If Lustig's hypothesis proves to be right, then it is no wonder physicians are frustrated: Their patients are driven to eat more and exercise less, just the same way as they are driven to drink when they're thirsty.

Advertisement
According to Lustig's hypothesis, large amount of sugars increase insulin secretion, which in turn floods the hypothalamus, which regulates energy use in the body. In this way, insulin blocks the path of another hormone, leptin, which tells the brain about the energy requirement. This ends up in the body going into starvation mode -- the brain thinks it isn't getting enough energy, so it needs more calories and it needs to save energy.
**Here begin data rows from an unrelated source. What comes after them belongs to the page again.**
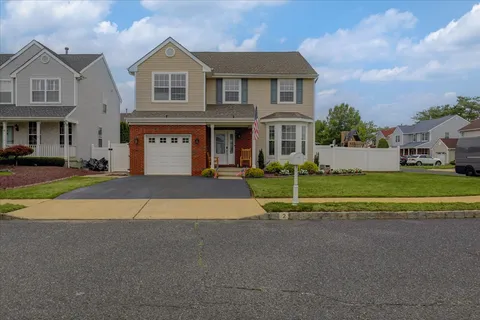 $874,999 | 2 Devonshire Drive, Hazlet, NJ 07730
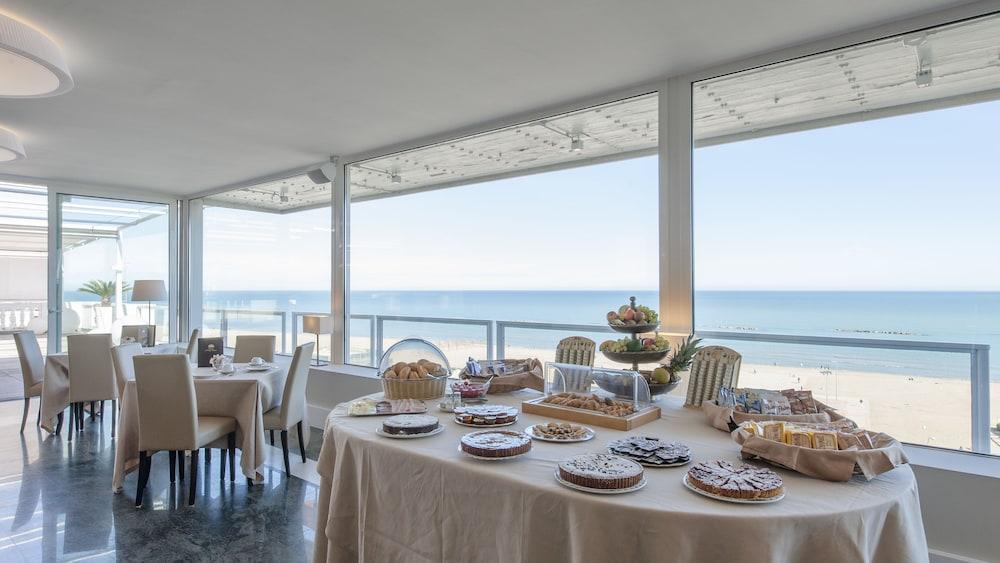 Hotel Esplanade Pescara Exterior photo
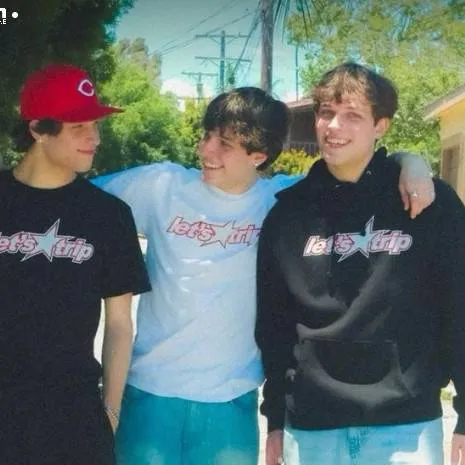 chat with ai character: Sturniolo triples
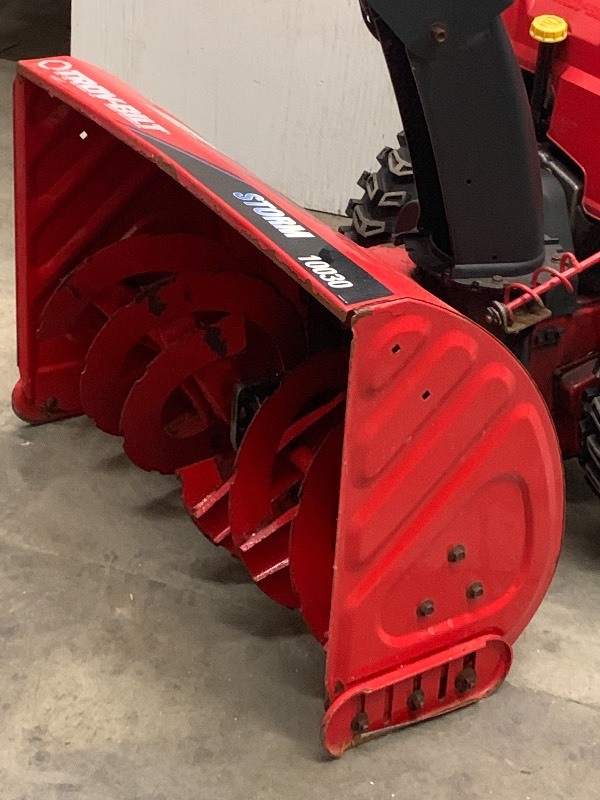lot 1 image: Troy-Bilt 10HP Snow Blower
"It's because of the toxic environment that the insulin rises and the problem behavior ensues," Lustig said. "That's why all of these diet programs don't work. That's why telling people to diet and exercise alone won't work, unless you improve the toxic environment as well."

“That's not to say losing weight is a hopeless cause. It's just a lot more difficult than physicians think, and the only way to help the population at large lose weight is to make drastic changes in the food that's available.” he said.

"In the late 1960s, food processors discovered a technique for converting corn – which is grown abundantly and cheaply – into a processed sugar. That new product, high-fructose corn syrup, is a sweetener that affects metabolism in a very negative way," says Lustig.

Fructose is present in several beverages and processed foods, including juices and fruit drinks, barbecue sauce and ketchup, hamburger buns and pretzels. "While fructose tastes like sugar and is used as a sugar, its biochemical structure is different from sugar, which prevents it from being metabolized or broken down as a sugar," he explains.

Lustig sums up on how these biochemical disorders are the root causes of obesity: "The higher your insulin, the more your brain thinks you're starving. The more your brain thinks you're starving, the less you want to exercise and the more you want to eat. This only drives more food intake, which drives your insulin even higher, which interferes with your leptin even more, which makes you think you're starving even more. It's a vicious cycle."

"This is a very different way of looking at obesity," Lustig emphasizes. "While most people blame obesity on a lack of self-discipline, research shows today's foods and drinks actually trigger the behaviors that promote gluttony. Obesity is biochemical, not behavioral."

It means that the government has to be compelled to take stronger measures in educating the public and providing healthy food options.

A researcher with the American Beverage Association said he has his own doubts about Lustig's hypothesis, if only because sugar was a key component of people's diets long time back so many people would have started becoming obese.

"They say people didn't used to drink a lot of soft drinks, but when I was a kid I used to drink Kool-Aid and lemonade. That's basically sugar and water and the flavoring," said Richard Adamson, senior scientific consultant with the American Beverage Association. "The problem is not the sugar. The problem is we have less physical activity."

Losing weight is a big challenge. The National Weight Control Registry, which checks about 6,000 people who say they have lost 30 pounds or more and kept it off for at least a year, shows that most of the registrants have maintained their weight loss by exercising about an hour every day.

“That's a major lifestyle change, and not one that a lot of people can easily make. But it's possible”, said Dr. James Hill, a pediatrics professor at the University of Colorado Health Sciences Center, who helps run the registry.

"One of the messages I don't want to send to people is you're destined to be overweight or not overweight, because I do believe there is some personal responsibility," Hill said.